Tel Aviv, Israel (CNN) — In a scene his parents would have been heartened to see, family and friends recently thronged around young Moshe Holtzberg as men in black suits and black hats took turns cutting locks of hair from the boy’s head on a stage in a rented party tent outside Tel Aviv, Israel.
The celebration marked Moshe’s third birthday and in Hasidic Judaism tradition he received a haircut to symbolize his readiness to begin his religious education.
Standing not 10 feet away and watching closely was Sandra Samuel, the Indian nanny who one year ago saved Moshe’s life.
Samuel was working as a nanny for Gavriel and Rivka Holtzberg when the Jewish Chabad Center they ran in Mumbai, India, came under attack by terrorists.
Samuel survived the attack and rescued Moshe who she found crying, standing between the bodies of his parents.
Since that fateful day she has not left Moshe’s side. Samuel accompanied him to Israel where, with her help, he is now being taken care of by his grandparents and extended family.
A year on Sandra said the memories of Mumbai and Moshe’s parents still haunt her. Holding back tears, she said, “I feel happy for the baby, but I am very sad, more than sad, I think.”
Jewish orphan finds new life The pain she feels remembering the horror of the attack is tempered by the great progress she has seen Moshe make since his arrival in Israel just days after his parents were killed.
“He has adjusted very very well and is like a normal kid. He goes to school, he plays, he jumps. He has a lot of friends. His life is normal,” she said.
Moshe’s paternal grandfather Rabbi Nachman Holtzberg said Samuel has been like a surrogate mother. “She knows everything about him, all the natural things because she has known (him) since he was a small child. Things are getting better and better.”
Holtzberg added that the entire family rallied together to help Moshe adapt to life without his parents and believes his son would be pleased. “I’m sure that my son would be here now and looking at how I take care of him.

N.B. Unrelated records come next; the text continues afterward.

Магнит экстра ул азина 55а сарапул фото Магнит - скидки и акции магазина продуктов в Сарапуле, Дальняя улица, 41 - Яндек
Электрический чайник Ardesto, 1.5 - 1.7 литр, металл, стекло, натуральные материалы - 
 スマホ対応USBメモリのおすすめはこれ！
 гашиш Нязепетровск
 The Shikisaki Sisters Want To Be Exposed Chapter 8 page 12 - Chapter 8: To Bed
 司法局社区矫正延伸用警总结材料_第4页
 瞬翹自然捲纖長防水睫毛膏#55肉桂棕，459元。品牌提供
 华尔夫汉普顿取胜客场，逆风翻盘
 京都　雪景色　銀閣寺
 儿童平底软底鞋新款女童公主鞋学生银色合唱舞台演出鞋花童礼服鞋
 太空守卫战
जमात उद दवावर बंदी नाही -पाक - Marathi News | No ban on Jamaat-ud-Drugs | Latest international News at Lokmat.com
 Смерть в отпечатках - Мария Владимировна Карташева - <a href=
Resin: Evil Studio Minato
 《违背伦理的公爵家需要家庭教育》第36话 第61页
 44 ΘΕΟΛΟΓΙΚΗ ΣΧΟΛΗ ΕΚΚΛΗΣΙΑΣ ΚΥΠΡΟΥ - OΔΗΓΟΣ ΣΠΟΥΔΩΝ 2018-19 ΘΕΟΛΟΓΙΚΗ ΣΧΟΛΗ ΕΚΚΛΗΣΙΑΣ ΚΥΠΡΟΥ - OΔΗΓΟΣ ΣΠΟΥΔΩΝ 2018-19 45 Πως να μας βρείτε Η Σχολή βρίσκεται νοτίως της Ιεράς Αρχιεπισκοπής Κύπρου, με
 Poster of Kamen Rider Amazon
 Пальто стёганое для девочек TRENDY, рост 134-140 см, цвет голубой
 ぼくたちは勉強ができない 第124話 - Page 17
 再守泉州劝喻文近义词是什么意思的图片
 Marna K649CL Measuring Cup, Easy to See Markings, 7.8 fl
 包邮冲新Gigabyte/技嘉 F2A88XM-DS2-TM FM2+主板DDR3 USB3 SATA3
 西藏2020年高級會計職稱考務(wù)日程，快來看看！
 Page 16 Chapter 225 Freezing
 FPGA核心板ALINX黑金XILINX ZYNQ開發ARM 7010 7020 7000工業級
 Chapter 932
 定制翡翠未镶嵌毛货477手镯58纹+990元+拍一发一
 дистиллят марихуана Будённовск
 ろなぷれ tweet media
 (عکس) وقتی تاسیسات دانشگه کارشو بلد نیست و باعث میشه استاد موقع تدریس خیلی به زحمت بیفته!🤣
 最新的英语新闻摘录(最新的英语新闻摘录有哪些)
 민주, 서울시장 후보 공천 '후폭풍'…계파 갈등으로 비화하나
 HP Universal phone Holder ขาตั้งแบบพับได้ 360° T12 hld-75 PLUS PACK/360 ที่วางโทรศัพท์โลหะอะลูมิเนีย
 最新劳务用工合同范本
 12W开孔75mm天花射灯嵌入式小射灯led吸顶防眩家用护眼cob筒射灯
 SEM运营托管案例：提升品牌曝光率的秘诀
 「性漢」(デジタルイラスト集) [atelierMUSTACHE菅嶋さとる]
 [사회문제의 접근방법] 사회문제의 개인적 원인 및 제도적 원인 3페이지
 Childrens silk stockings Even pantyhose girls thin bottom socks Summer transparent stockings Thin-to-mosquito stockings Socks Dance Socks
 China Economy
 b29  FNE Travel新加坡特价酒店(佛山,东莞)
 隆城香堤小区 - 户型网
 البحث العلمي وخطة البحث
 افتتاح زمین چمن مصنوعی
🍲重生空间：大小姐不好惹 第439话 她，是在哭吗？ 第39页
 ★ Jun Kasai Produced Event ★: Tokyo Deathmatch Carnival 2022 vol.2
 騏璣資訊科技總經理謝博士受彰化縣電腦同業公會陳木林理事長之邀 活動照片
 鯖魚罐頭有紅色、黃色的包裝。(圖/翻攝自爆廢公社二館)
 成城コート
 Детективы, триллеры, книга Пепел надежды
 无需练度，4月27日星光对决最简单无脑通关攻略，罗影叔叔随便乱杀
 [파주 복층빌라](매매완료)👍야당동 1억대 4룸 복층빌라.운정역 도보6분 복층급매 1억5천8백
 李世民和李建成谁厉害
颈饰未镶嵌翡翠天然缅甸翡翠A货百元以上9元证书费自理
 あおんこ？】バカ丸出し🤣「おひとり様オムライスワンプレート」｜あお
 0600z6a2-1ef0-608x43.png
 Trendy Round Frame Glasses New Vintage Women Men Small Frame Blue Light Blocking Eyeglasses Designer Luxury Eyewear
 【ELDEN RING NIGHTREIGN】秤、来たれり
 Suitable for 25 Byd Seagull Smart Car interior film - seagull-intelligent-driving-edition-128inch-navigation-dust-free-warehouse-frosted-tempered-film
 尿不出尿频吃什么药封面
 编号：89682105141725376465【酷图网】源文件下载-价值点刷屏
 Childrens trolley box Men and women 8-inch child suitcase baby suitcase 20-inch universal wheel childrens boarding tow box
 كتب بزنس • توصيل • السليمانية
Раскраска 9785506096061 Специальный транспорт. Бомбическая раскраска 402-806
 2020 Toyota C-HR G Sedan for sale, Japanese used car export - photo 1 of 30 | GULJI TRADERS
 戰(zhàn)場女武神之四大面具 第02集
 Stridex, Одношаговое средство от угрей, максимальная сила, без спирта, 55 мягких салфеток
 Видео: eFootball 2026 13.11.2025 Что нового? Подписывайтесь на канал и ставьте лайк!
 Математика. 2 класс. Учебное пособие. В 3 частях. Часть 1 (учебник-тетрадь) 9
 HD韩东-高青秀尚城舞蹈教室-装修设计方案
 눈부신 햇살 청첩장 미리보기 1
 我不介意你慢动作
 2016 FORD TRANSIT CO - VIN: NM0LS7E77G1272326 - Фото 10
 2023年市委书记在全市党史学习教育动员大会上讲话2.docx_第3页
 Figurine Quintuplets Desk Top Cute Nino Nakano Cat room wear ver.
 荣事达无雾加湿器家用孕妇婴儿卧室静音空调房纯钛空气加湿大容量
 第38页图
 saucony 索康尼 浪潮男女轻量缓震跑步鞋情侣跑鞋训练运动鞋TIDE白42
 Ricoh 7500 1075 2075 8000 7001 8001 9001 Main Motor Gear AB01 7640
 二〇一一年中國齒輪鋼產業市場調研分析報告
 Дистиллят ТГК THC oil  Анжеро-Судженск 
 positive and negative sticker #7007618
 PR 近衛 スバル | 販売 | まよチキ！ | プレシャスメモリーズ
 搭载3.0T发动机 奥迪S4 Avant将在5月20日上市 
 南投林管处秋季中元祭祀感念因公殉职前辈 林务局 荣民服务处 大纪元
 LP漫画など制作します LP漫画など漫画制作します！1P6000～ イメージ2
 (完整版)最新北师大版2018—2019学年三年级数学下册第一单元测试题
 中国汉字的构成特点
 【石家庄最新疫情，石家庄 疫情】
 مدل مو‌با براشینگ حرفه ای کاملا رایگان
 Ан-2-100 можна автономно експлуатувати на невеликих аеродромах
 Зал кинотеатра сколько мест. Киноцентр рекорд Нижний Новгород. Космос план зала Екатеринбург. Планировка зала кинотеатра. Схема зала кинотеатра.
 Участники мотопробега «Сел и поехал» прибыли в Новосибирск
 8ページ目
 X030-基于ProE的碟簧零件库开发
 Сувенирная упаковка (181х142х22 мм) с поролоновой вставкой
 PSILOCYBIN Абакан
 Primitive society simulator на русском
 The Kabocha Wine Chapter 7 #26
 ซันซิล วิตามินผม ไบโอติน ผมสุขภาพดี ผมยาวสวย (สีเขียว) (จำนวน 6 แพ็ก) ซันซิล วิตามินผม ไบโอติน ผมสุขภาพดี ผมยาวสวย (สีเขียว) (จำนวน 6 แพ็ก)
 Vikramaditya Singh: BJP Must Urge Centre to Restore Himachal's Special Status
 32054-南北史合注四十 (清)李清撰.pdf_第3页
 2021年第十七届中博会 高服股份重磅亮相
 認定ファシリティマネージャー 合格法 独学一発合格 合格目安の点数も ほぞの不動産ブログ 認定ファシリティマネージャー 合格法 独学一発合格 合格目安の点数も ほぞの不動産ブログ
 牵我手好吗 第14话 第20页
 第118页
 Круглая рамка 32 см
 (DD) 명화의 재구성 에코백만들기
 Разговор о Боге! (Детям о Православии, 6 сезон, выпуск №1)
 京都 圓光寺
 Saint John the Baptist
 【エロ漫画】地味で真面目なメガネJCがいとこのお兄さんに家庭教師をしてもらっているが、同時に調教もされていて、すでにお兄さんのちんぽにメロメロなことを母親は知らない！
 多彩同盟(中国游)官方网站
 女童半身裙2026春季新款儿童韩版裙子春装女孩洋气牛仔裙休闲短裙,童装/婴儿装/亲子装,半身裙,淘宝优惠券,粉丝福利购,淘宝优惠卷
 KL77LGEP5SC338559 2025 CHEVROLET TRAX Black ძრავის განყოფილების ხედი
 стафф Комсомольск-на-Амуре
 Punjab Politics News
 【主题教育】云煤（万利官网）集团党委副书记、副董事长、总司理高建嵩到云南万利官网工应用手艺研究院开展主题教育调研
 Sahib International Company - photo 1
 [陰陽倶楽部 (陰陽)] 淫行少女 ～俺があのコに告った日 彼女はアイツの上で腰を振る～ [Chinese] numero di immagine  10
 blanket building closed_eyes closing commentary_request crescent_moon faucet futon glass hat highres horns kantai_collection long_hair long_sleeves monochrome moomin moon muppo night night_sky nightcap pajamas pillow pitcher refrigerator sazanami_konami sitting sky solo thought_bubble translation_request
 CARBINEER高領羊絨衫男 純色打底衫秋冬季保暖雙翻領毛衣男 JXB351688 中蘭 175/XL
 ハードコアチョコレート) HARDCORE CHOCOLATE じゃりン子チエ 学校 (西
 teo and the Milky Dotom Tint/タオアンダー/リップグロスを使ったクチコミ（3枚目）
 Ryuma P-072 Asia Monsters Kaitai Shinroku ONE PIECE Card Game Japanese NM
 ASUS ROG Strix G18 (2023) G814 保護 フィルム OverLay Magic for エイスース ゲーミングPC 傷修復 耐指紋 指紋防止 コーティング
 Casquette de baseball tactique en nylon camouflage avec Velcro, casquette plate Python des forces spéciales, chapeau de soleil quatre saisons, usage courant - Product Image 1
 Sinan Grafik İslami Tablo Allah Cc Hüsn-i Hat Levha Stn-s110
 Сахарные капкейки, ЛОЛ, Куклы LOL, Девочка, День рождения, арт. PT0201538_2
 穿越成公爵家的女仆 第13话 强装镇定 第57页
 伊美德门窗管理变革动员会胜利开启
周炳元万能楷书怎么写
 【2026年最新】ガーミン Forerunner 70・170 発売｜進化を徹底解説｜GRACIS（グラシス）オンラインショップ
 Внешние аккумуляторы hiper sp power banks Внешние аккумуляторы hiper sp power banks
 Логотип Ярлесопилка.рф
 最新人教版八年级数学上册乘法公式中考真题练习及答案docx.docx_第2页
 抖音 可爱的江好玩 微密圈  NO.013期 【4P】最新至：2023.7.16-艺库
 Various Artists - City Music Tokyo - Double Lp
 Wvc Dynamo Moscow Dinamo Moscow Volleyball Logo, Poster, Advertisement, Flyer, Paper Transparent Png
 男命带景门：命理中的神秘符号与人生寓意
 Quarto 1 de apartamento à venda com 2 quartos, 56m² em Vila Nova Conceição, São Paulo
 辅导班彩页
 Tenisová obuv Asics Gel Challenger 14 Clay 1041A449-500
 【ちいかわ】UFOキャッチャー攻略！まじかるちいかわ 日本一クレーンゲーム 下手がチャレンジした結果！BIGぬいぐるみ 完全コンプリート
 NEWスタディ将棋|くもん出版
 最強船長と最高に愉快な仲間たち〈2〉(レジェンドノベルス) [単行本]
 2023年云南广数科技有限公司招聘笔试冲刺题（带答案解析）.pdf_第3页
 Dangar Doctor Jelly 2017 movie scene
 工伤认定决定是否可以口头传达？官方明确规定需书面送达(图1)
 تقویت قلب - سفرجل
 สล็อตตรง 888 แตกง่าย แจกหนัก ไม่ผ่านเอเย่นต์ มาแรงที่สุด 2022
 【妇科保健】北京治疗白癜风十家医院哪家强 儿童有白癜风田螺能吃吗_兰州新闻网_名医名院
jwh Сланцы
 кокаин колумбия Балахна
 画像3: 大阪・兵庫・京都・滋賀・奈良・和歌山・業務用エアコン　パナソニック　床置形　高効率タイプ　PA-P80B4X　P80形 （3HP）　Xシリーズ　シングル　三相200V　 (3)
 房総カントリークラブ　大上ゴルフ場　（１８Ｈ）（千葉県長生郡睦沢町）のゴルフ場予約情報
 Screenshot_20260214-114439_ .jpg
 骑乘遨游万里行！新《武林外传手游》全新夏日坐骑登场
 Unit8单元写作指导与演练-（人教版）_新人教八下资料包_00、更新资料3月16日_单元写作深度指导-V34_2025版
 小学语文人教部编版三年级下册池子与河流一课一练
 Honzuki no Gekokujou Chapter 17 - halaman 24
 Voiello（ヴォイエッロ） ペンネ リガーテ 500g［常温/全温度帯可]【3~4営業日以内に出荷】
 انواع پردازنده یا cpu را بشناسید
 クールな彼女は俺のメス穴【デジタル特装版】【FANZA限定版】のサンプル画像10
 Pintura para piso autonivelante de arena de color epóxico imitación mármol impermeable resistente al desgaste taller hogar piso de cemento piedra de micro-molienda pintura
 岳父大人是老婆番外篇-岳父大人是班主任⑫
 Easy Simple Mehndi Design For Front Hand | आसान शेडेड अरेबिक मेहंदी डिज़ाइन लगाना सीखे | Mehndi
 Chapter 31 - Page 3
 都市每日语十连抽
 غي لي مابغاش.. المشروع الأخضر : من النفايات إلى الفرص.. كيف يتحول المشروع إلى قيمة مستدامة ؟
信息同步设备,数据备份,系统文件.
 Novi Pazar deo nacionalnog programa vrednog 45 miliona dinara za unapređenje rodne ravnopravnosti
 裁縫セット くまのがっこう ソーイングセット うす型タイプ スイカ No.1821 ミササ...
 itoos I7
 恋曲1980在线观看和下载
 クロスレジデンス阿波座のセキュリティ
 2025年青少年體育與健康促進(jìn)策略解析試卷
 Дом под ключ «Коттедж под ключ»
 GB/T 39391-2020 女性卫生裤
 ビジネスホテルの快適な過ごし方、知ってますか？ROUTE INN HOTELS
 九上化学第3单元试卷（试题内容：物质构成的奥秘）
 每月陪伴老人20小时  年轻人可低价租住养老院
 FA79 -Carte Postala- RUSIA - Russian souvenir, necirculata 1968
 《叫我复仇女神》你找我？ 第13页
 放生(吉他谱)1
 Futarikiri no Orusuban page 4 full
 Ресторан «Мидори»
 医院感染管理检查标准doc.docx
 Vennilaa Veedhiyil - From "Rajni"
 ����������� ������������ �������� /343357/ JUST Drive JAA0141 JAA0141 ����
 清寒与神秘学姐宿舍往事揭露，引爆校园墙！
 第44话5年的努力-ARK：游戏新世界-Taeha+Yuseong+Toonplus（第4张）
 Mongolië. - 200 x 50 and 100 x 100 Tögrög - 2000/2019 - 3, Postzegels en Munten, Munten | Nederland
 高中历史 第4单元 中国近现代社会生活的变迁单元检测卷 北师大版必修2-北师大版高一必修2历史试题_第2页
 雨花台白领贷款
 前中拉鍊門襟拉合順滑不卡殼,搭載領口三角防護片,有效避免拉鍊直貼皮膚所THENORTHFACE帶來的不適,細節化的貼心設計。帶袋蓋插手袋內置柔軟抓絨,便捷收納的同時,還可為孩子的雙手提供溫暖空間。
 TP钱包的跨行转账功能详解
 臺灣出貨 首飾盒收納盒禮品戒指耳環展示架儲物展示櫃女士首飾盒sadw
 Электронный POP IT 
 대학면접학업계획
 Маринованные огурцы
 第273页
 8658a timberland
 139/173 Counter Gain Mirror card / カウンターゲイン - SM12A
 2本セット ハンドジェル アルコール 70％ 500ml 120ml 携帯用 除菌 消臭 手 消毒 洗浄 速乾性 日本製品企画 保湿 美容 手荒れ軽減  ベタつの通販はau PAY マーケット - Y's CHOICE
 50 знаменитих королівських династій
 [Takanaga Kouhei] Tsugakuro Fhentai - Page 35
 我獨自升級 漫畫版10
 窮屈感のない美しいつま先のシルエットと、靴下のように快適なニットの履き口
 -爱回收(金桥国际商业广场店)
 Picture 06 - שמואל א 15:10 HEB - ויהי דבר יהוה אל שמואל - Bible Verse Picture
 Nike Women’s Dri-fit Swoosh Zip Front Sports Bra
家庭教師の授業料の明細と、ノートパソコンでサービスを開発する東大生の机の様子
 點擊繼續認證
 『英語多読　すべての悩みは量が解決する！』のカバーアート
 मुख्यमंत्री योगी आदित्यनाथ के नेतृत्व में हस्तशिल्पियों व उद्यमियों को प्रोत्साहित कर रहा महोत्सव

He would be happy.”
Samuel, a mother of two grown children, said she was trying to spend less time with Moshe so he could better adapt to his family and sees herself returning home to India within two years — though she said she would stay in Israel for as long as Moshe needed her.
Samuel said her message was simple: “To carry on life. Be strong and that’s it. Put everything in God’s hands.”